Brooklyn school girls get American Girl store thrill
A group of girls were chatting in Rob Robinson’s fifth grade classroom in PS 28 in Brooklyn when the special ed teacher overheard them talking about American Girl dolls. One of the girls mentioned a place girls can visit on Fifth Avenue in Manhattan to purchase these dolls. At the store, a girl can also buy matching clothes for her and the doll and visit the salon where both can get their ears pierced and hair styled.
“I know about this place. Only white girls can go there,” one of the girls explained.
Robinson, who admits he didn’t know what an American Girl Doll was, believed that this girl was mistaken. Surely, the store is for people of all races.
“I just heard what you said—I think everybody goes there, not one specific group,” he said. And to prove his point he added: “We’re going.”
The girls stared at Robinson as if he were crazy.
He didn’t realize that American Girl Dolls—a doll matched to a historical era like Colonial America or the Depression—cost more than $100 and that a day at the store would be a significant investment—one he and his students couldn’t afford. About 80 percent of the students at PS 28 qualify for the federal free lunch program.

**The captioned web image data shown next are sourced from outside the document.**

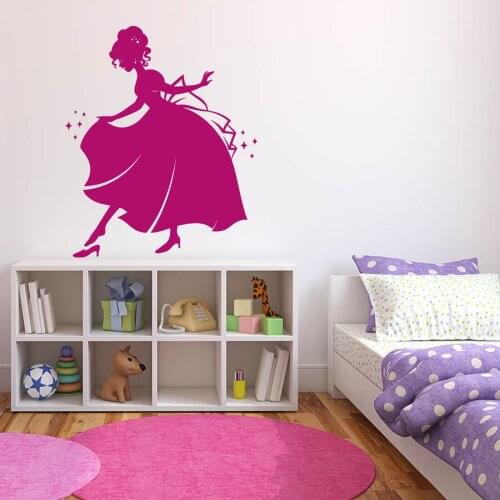 Wall Decal Kids Bedroom Princess Girl Beautiful Cinderella Home Decor Cute Nursery Art Mural Vinyl Wall Stickers Removable S287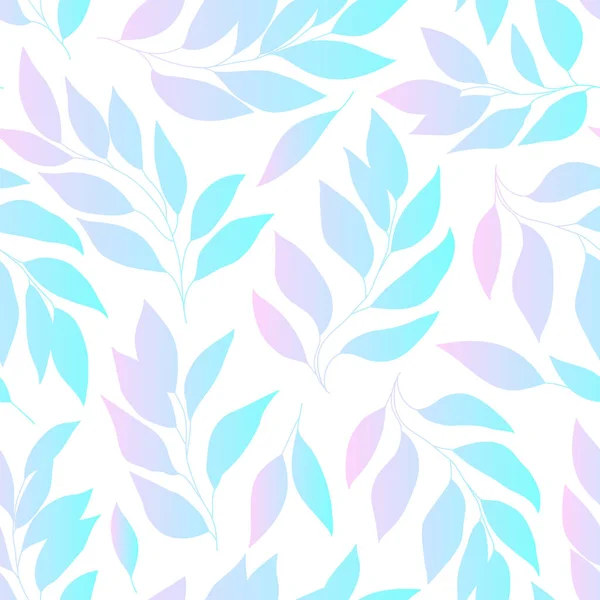 Leaves Gradient Seamless Background Pink Blue Colored Foliage Pattern Vector — стоковый вектор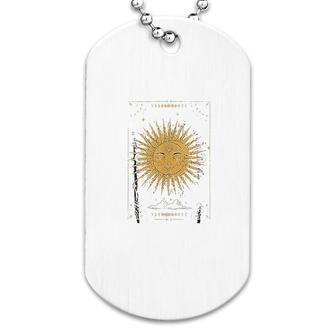 Tarot Aesthetic Sun And Moon Clouds Dog Tag | Mazezy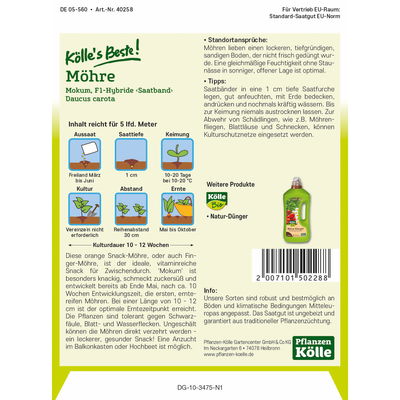 Kölles Beste Möhre 'Mokum', Saatband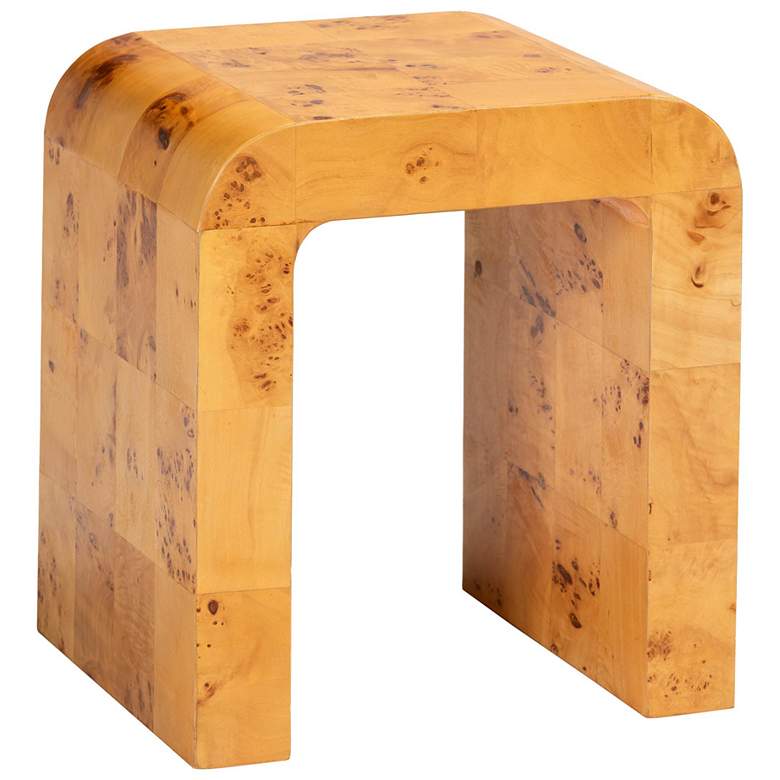 Image 1 bali & pari Revelle Natural Light Mappa Burl Wood End Table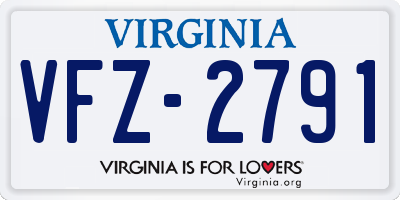 VA license plate VFZ2791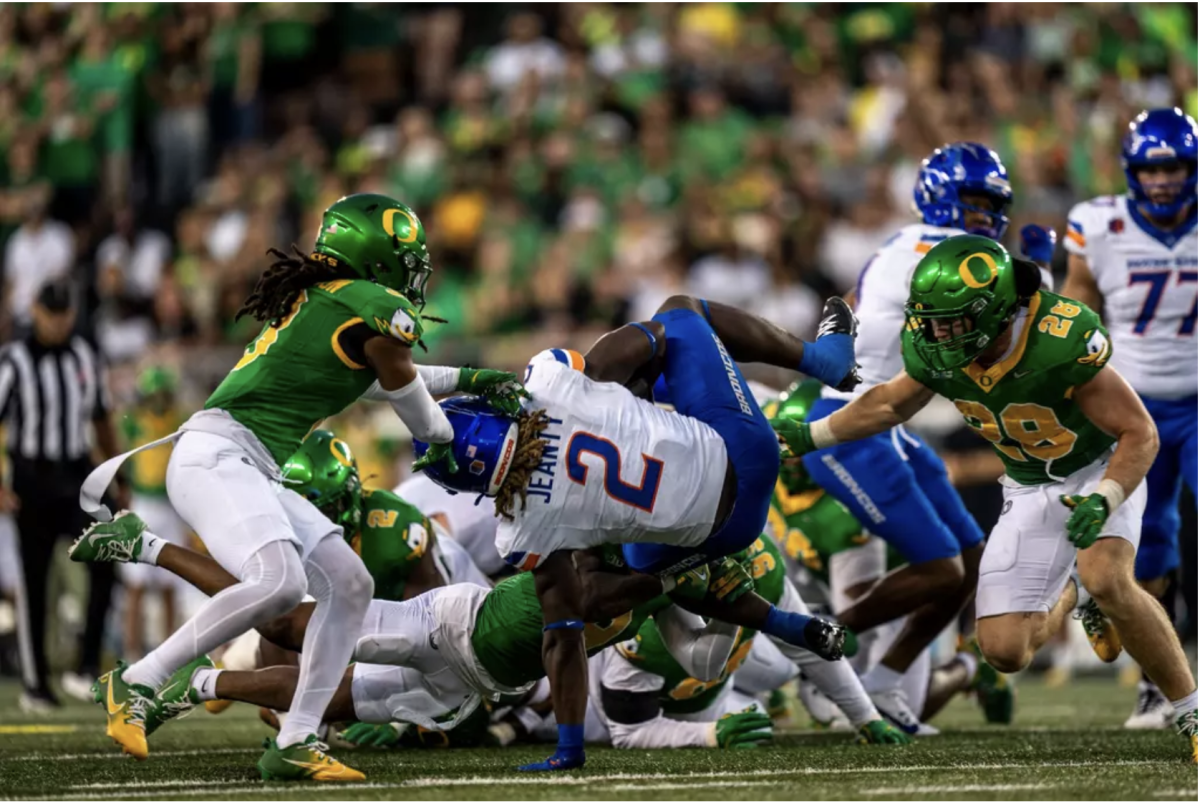 Ashton Jeanty rushing against No. 7/6 Oregon (Sept. 7, 2024). Photo by Kenna Harbison.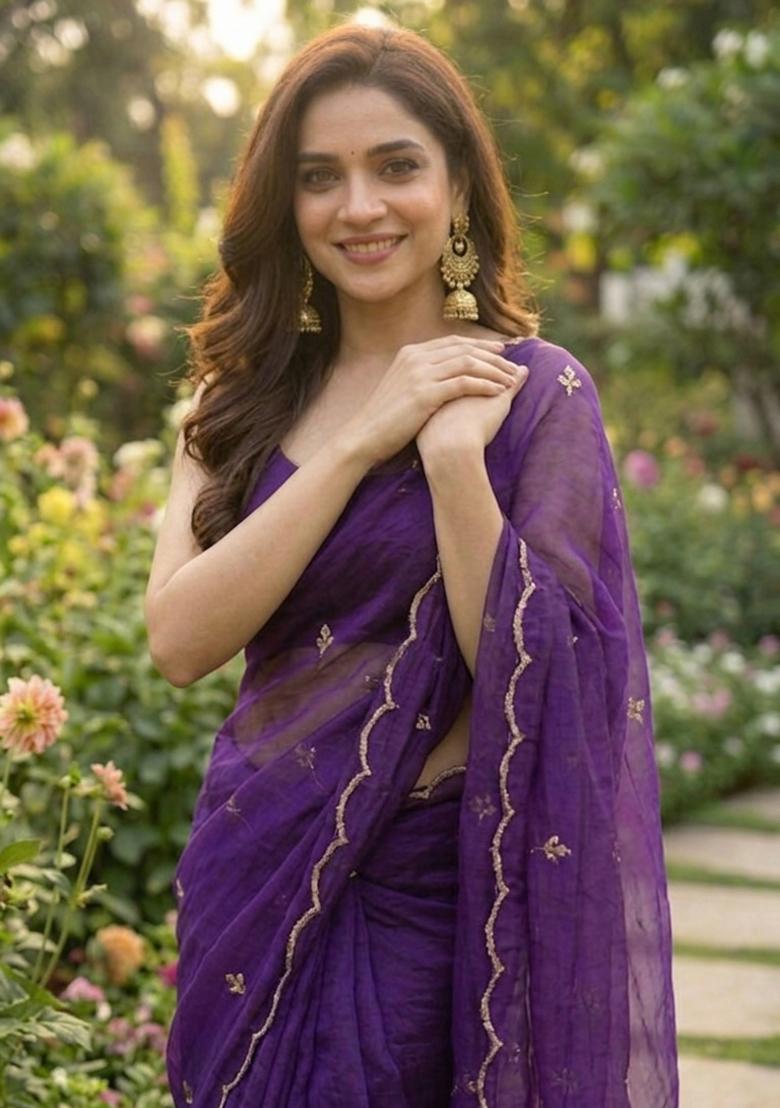 Purple Hand Work Silk Saree Set - Indya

After recovering from sticker shock, he remained determined to show his students that they can go where they want and achieve their dreams. Robinson believes that his participation in similar programs as a child helped him become determined and success.
“Here [was] an opportunity to turn around the thinking of little girls when they are thinking of image,” he says.
To fund the trip, Robinson built a website, 21 Girls of Color to American Girl NYC, and approached his network for donations. He worried that people might not give. Meanwhile, the list of students kept growing. He started with seven girls, but ended with 27. He had to limit it so they could dine in the private area, which accommodates 40 (this included an entourage of Robinson, chaperones, a photographer, and security).
Despite his worries, the donations rolled in—in five weeks Robinson raised $14,000. He provided stylists to fix the girls hair and nails, a limo ride to and from the store, and a photo shoot for them. Each girl received a doll, an American Girl t-shirt, a bag, her picture on the American girl magazine, breakfast, and private dining at the café at the store.
“When they walked into the American girl place, they lost their minds,” says Robinson. “They walked differently, their shoulders were squared, and it was amazing to see that. And they believed they belonged there or anywhere else.”
American Girl company spokesperson, Stephanie Spanos, says this is typical at the store.
“We celebrate all girls. We’re thrilled to be a part of any girl's experience and make it memorable.”
While she notes the dolls are pricey, the books, which cost $6.95, make American Girl accessible to all girls and “educate and inspire imagination.”
Robinson hopes the girls understand they can achieve what they want through hard work and education. And, Robinson has another trip in the works to teach others this message. Next year, he plans to take 30 students of color to Washington, D.C., allowing them to travel by plane, stay in a swanky hotel, and visit the historical sites. And, he’s hoping that President Obama and his family will meet them.
“I think it will be a real win to see the first African American president,” he says. He thinks it will show his students that “they can still ascend to any level they want to.”